The school year seems pretty crazy while you’re going through it… assemblies, meetings, field trips… but in reality, it is such a wonderful base for all routines. Up at the same time, in bed at the same time, eat at the same time, on and off the bus at the same time… it’s perfect. Well, as close to perfect as you might get.
Then the school year is over and summer time attacks your routine like a lion attacking red meat. The sun is up earlier, the sun goes down later, meals are rarely when they should be, you wake up and go to bed at different times daily and worst of all, you have no clue what day it is!
It’s strange too, because I do work Monday to Friday and yet I still find myself having no clue what day of the week it is most of the time.
So what’s the big deal?
Well, when you have a child with Autism, it is a very big deal. Routine is paramount to keep the meltdowns in check.
What happens is so gradual that you may not even notice it happening until it’s too late and very likely, you won’t put the two together as a cause and effect situation… but in time, your child will start to become more agitated, more prone to meltdowns, less likely to eat, less likely to sleep and more.
Missing out on your routine one day might not have much of an effect on the next day but over time, you will likely find yourself asking yourself why your child is misbehaving so much despite your best efforts to give them fun stuff to do.
So what can you do?
Well, there are a few things that can help with this.
- Camp – Many children go off to summer camp for at least a part of the summer. Camp is a great place for routines as well as keeping your little ones occupied. Specialty camps are available almost everywhere for special needs children now too.

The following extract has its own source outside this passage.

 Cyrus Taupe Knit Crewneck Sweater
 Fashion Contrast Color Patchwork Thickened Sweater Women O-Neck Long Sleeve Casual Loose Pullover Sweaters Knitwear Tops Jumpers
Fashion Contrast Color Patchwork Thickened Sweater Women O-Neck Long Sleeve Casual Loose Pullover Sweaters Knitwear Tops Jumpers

- New Routine – So you wake up later, stay out later and eat later… so make it a new routine. Just make sure that the times you set are the times you stick to. Also, keep in mind that school will be starting again before you know it so before it’s too late, you’ll have to start adjusting those new routines back a bit to meet back up with the old school routine again.

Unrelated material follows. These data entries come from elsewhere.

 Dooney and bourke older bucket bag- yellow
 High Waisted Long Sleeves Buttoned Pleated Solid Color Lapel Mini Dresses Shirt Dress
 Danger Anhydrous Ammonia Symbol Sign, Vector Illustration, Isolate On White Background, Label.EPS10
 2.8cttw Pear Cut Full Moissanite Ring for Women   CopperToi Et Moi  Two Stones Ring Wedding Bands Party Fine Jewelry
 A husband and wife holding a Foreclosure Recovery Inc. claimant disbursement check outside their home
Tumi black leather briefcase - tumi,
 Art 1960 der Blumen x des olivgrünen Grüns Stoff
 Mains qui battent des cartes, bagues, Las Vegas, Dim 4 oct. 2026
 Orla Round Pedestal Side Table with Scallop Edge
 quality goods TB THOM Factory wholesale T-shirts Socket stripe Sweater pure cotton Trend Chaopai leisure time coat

- Alarm clocks – Notice it’s plural? If you want to keep your bed time routine the same as well as the wake up routine… set 2 alarm clocks. One for the time you wish to wake up and one for the time you want the kids in bed. The one for waking up should almost never ring since your children will wake up at their regular times anyway but for those times when you do fireworks or camp fires.. your little ones might be up late. And it’ll be painful to wake them up rather than let them get the sleep they need but that regular wake up time makes for a regular bed time later that day.
- Strict planning – A big part of routines falling apart in the summer is that you’re rarely home. The beach, park, camp and other places seem to eat the time up faster than you can keep track. And you’ll seem like the downer of the group for keeping an eye on the clock (watch, cell phone) but getting the lunches right at lunch time, the dinners right at dinner time and so one are very important. You don’t have to be home to get things done at the right time.
- Sacrifices – Sometimes, sacrifices can be made. For example, my boys are still a bit young for fireworks. They do love fireworks, mind you, but it’s not a priority. For Canada Day, we spent the entire day at the beach, water park, playground and with friends. They were ready for bed long before it was dark enough for fireworks. Did they miss out? Maybe on the fireworks but on the day? Hardly. They loved every second of it. My wife and I were the ones who made the sacrifice. We’re the ones who missed out but you know what? It was worth it.
Depending on your child, routines have to be strict or relaxed or, if you’re one of the lucky ones, are not all that important at all.
If it is important to you and your child, if you’ve had a good routine for most of the year, you may want to consider it into the summer as well because as I said, things might start going south and you won’t even realize why until it’s too late.
A routine is much more difficult to fix than it is to maintain.